How, if at all, has RWD/E’s use changed since the onset of COVID-19?

Elton: We are getting closer to the point where all studies use RWD to inform their trial design. Most of the oncology development leaders use RWD early in the process to better understand the standards of care for subpopulations, their outcomes, the deficiencies of current therapies, etc. Now there are large data science and trial analytics teams that use RWD at scale in AI SaaS solutions to optimize trial designs, assure patients can complete the study, inform which sites have the infrastructure to participate, assure the burden on sites and patients is comparable to the standard of care, among many related considerations. 

RWD is also used to assure appropriate trial diversity, an FDA mandate and goal, that looks at the ethnic and racial populations most negatively impacted by disease and seeks to optimize a design and find sites that can accrue to statistically meaningful numbers for those subpopulations. Finally, it is used to validate heritage sites for their ability to perform, and more importantly, to find new sites that the sponsor has not worked with but which may play significant roles in total patient accruals. Again, this is all in service of better designs, more broadly deployed to higher-performing sites.  

What kinds of technologies are more commonly used in the design and execution of trials now than were before the pandemic?

Elton: There are five new tools of the trade:

– Large RWD datasets that have been assembled, linked and engineered specifically with coverage of 20 to 50% of a country and with a clear minimization of biases in regions, racial and ethnic subpopulations, urban versus rural, etc.  

– SaaS solutions with AI optimizations for study design and the ability to predict site performance with very high accuracy

– Patient matching AI tools, acting on EMR data, using NLP, connecting lab data, etc. within the workflows of the trial sites – the broader the use and the more ubiquitous, the more useful

– Novel consenting solutions and data linking tools that allow trial designs to have a follow-up period using EMR and Medical Claims data

– Digital study execution tools that can now use clinical data sources to populate a study and sponsor-specific eCRF library and write to a targeted EDC

How have you seen researchers and clinicians evolve the ways in which they run trials since 2020? Are these changes ones that you expect will remain in play post-pandemic?

Elton: There are shocks with reversion back to formal models and shocks that inexorably change models. What happens as a consequence of the pandemic is the latter. There will be no going back to the legacy models. Look at the behaviors of CROs, EMR companies, medical distribution companies, and legacy clinical trial software companies.
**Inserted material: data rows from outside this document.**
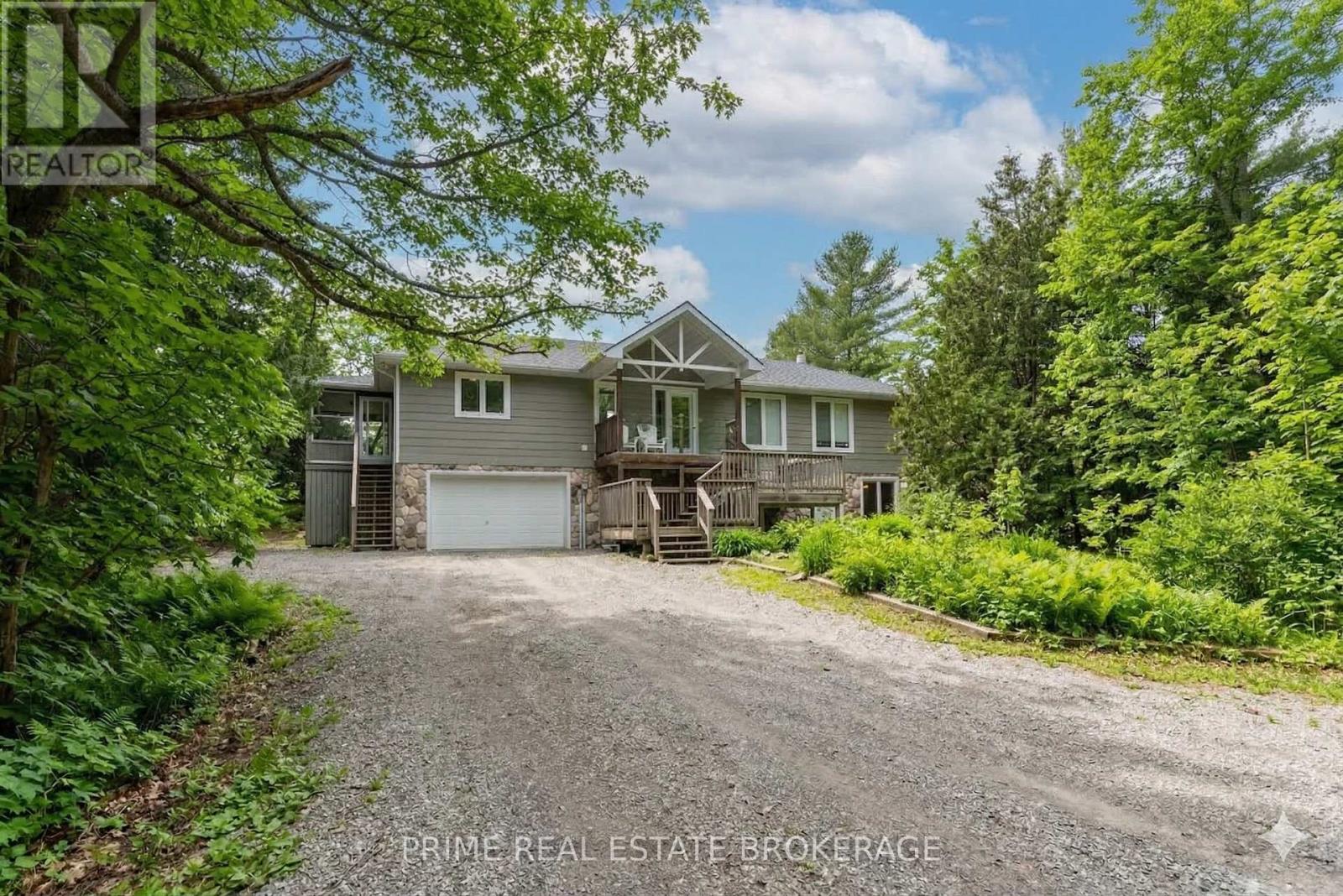 9856 Huron Place, Lambton Shores, Ontario  N0M 1T0 - Photo 5 - X12849344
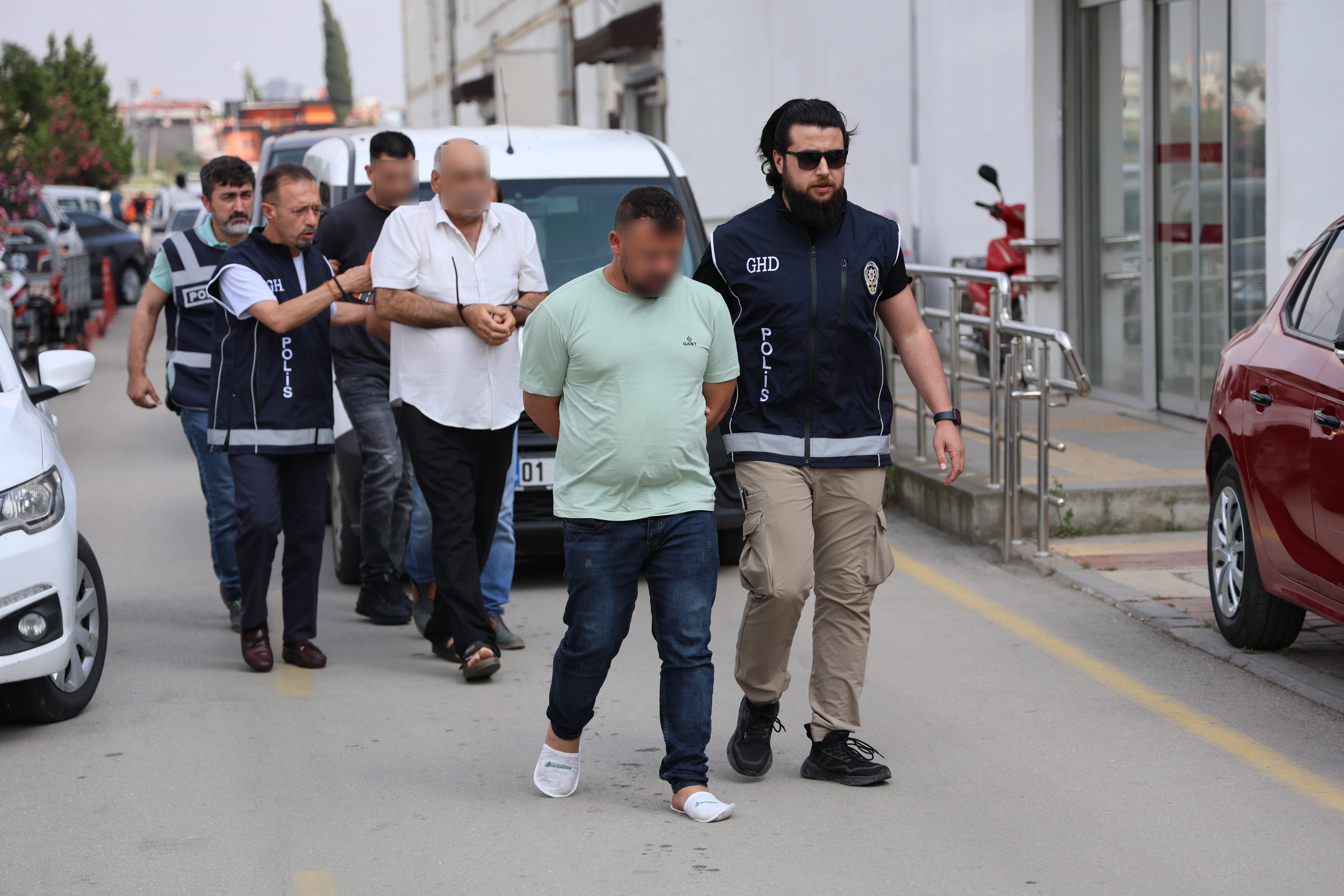 Adana polisinden başarılı operasyon! Organ ticareti yapan şebeke çökertildi!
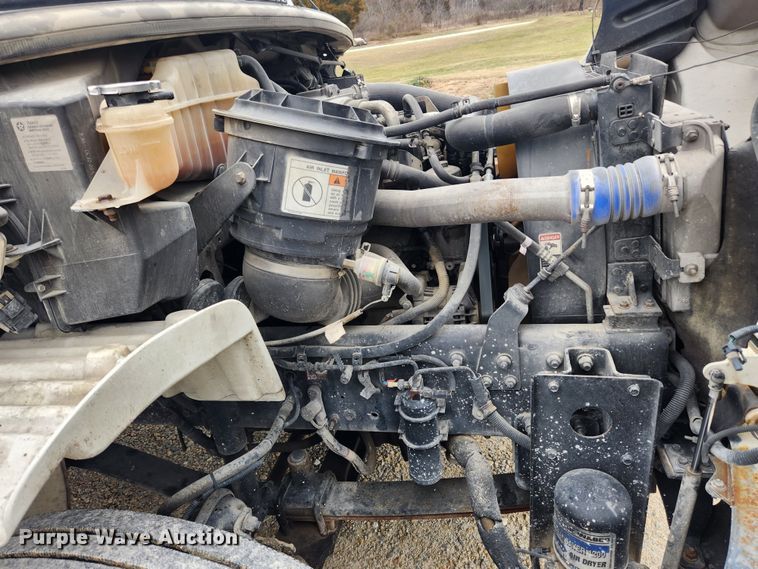 image for item JB9622 2005 Freightliner Business Class M2  flatbed truck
They are pivoting their business models to digital-only solutions that work on a foundation of RWD but bring large-scale AI-enabled SaaS solutions forward as the basis. However, this is not their natural domain – this is a shift to sustain relevance. The power of the new solutions is their integrality to care institutions – they don’t need the labor and third parties that were required before.  

For sponsors, they further allow model simplifications, greater productivity, and direct contracting and operational relationships with provider research enterprises.  

This is why our model is to partner with two ecosystems – providers and sponsors – and evolve in lockstep with both around this new paradigm and models. There is exceptional value for these systems – greater trial accessibility for community providers; greater trial access for patients; faster trial execution for sponsors; better generalizability of trial results to the general population and for different subpopulations; the ability for biopharma innovators to fund more studies given these efficiencies; and, the ultimate value of more medicines to patients more quickly in order to assure the best possible outcomes for the greatest number of patients.